Alternative Splicing and Protein Isoforms in the Human Proteome

Project contributors:

By enabling multiple protein isoforms to be encoded in one gene, alternative pre-mRNA processing such as alternative splicing (AS) constitutes a major source of proteome complexity in eukaryotes. Differential isoform expression is a critical feature of human diseases from cancer to heart failure, as well as responses to environmental stress including alcohol and oxidative damage. Their importance notwithstanding, current knowledge remains poor on the functional consequences of alternative protein isoforms.
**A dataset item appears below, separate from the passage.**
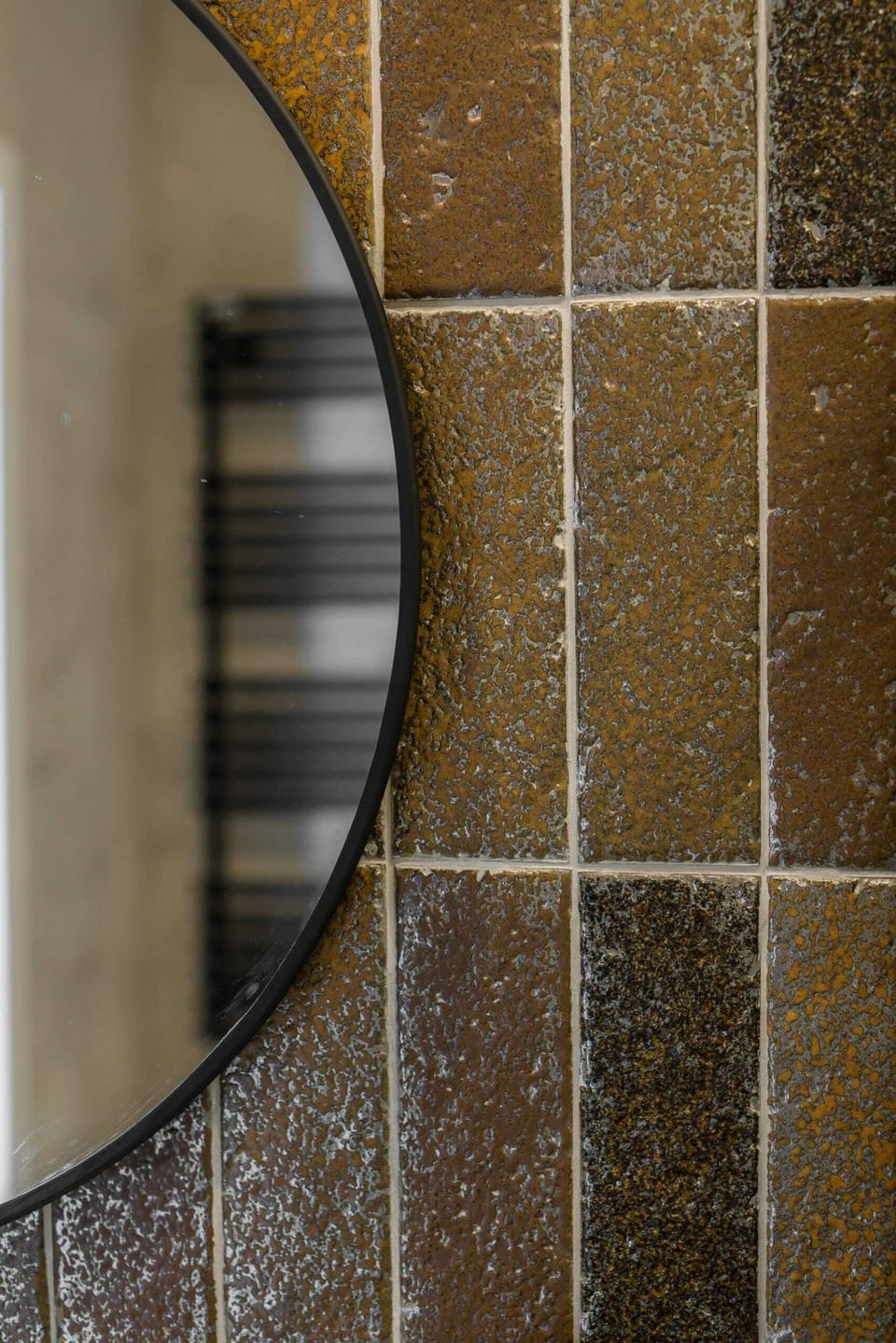 The bathroom's contemporary decor complements the apartment's style.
In this project, our goal is to develop new multi-omics strategies by integrating RNA-seq and shotgun proteomics approaches, to determine the differential expression of protein alternative isoforms in normal physiology and pathophysiology.
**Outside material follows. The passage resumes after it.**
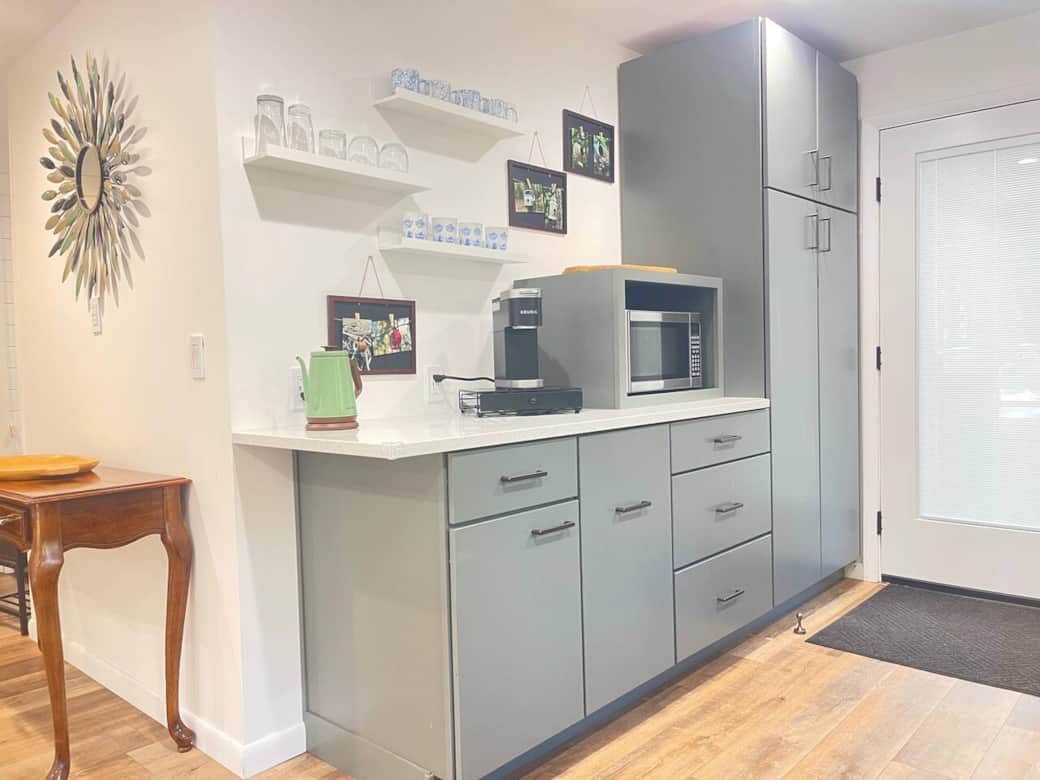 Cook in a contemporary kitchen with advanced technology and thoughtful amenities.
Questions we are interested in addressing:

  • What drives protein isoform expression in the heart?
  • How do alternative exons affect protein modifications?
  • How do protein splicing patterns change in cardiac disease and aging?

Figure: An alternative splice region in a cardiac protein intersects with an intrinsically disordered region of the protein.

Proteome Dynamics Under Oxidative Stress and ER Stress

Project contributors:

Proteins in the cell are finely balanced in a dynamic equilibrium of synthesis and degradation to maintain protein integrity and protein homeostasis (“proteostasis”). When protein dynamics becomes disrupted, endoplasmic reticulum stress (ER stress) results and prompts potent response pathways that can either restore proteostasis or precipitate cell death.

Mounting evidence now implicates ER stress as a central and conserved feature in multiple cardiac diseases, including cardiac hypertrophy and failure. Inhibition of ER stress shows therapeutic promise in reversing pathological aspects of cardiac remodeling in animals, suggesting proteostasis is causally linked to pathogenesis. However, relatively little is currently known about the quantitative parameters that describe the proteostasis of cardiac proteins, which encompasses proper protein synthesis, folding, glycosylation, and other dynamic processes that cannot be espied from steady-state expression. Without methods to quantify the temporal dynamics of protein networks, we lack a basic starting point from which to identify protein pathways targeted by proteostasis disruptions. Our goal is to better understand the proteostatic processes of the cardiac proteome and how they are regulated in health and disease.

Figure: Proteostatic changes under acute oxidative stress in the heart.